Hello,

This post is supposed to be a motivation for standardized `weak` and `naked` attributes.

If this motivation deemed worthy, I will write a proposal.

Note I am not a compiler/linker expert and I have no idea on the implementability of the proposed feature and will need help.

I want to start a discussion both on `weak` and `naked` as well as the resolution to SIOF using the described construct.

Terminology

a definition is said to be weak if we could provide another definition of the same entity, and if another non weak definition is given, the non weak definition is used by the linker.
a definition is said to be naked if we could provide more naked definitions of the same entity and the linker will choose one of them.

I attempted to implement a library solution for SIOF, and unfortunately found none of the major compilers support both "weak" and "naked" definitions of the same symbol.

I hope the motivation will inspire vendors to support both simultaneously, regardless of standardization attempts.

Note that most vendors support these in some way or another (because it is useful, but the behavior is slightly different in each one.

This is why the standard exists - to standardize common practice!

Now for the real reason I needed both (override a weak definition with multiple naked ones, which none of the major compiler support)

The Problem

The static initialization order fiasco

Approach

Any solution directly in the language would either be a complete breaking change, or would need an automated refactor tool (or a spec that enables one to exist).

As breaking changes on this scale are not acceptable, we need an automated refactoring tool, which needs to be scalable to operate on large code bases.

The solution would be completely non breaking.

Here, scalability means no "whole program" analysis, but per TU (or module?
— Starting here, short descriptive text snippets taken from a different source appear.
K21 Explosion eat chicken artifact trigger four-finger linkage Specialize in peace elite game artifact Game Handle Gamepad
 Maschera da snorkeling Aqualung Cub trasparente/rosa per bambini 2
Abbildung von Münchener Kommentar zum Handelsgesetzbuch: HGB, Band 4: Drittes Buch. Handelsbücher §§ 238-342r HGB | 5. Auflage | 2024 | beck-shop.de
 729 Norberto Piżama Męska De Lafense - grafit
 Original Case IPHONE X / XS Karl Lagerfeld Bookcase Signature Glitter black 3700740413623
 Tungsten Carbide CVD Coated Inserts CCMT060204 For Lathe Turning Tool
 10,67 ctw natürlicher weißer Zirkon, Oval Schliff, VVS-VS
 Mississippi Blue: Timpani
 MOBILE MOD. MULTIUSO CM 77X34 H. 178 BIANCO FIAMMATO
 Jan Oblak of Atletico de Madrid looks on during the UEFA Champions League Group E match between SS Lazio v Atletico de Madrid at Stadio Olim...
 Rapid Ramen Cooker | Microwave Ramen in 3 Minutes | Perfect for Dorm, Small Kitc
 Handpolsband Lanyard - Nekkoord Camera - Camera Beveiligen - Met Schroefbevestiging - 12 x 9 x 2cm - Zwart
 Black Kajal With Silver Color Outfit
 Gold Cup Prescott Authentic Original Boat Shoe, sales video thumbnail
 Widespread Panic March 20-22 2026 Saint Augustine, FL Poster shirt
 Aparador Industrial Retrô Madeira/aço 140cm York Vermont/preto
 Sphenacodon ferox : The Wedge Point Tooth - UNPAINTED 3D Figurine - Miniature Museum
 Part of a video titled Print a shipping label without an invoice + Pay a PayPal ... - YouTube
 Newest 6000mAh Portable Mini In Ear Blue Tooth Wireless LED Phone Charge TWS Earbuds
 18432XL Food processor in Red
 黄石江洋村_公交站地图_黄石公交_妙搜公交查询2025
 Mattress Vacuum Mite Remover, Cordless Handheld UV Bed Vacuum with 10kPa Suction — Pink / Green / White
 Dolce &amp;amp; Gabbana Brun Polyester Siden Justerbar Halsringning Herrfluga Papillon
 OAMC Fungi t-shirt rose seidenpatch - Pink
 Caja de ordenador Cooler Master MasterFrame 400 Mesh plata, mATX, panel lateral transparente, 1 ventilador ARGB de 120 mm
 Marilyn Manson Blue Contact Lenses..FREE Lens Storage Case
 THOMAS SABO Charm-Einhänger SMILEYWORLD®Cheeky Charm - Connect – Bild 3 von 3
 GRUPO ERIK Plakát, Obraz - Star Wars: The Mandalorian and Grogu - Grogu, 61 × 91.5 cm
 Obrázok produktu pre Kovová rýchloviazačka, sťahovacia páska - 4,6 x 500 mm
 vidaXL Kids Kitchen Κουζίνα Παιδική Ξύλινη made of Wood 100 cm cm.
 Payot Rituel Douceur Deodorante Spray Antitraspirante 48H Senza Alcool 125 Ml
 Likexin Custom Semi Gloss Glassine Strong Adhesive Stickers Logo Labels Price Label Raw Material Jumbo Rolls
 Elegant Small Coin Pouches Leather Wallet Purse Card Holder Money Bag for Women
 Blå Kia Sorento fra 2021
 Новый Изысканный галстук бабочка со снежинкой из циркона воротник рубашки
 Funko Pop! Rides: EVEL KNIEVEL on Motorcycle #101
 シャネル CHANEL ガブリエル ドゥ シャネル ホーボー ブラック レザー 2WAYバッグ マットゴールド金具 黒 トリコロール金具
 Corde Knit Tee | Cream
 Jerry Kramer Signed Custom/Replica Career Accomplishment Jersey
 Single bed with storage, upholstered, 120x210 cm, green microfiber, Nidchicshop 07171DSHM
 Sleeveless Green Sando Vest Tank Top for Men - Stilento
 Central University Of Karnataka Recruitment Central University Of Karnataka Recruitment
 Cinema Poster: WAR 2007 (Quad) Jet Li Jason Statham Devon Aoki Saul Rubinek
I'm not too familiar with them yet) code transformation that is non breaking if only some TUs refactored (no recompiling of the entire project to refactor).

Scalability

If we manage to define the SIO (static initialization order) for all globals/statics of one TU, how do we handle TUs depending on it?

If we have a circular dependency in initialization of globals, there really is nothing to do (this behavior should be undefined, NDR).

In any other case, the order is clear: the order of initialization should be according to the order of dependencies of the TUs.

Whatever code transformation we do per TU, it needs not know what other TUs depend on it.

Single Translation Unit

There are two parts of resolving this per translation unit.

1. Detecting the "correct" order which is the tool's job and not the standard:

This is a hard problem, but it seems this can be solved (in a single TU) assuming there aren't many globals defined in a single TU (unless there are many inline variables in the codebase, we're probably fine).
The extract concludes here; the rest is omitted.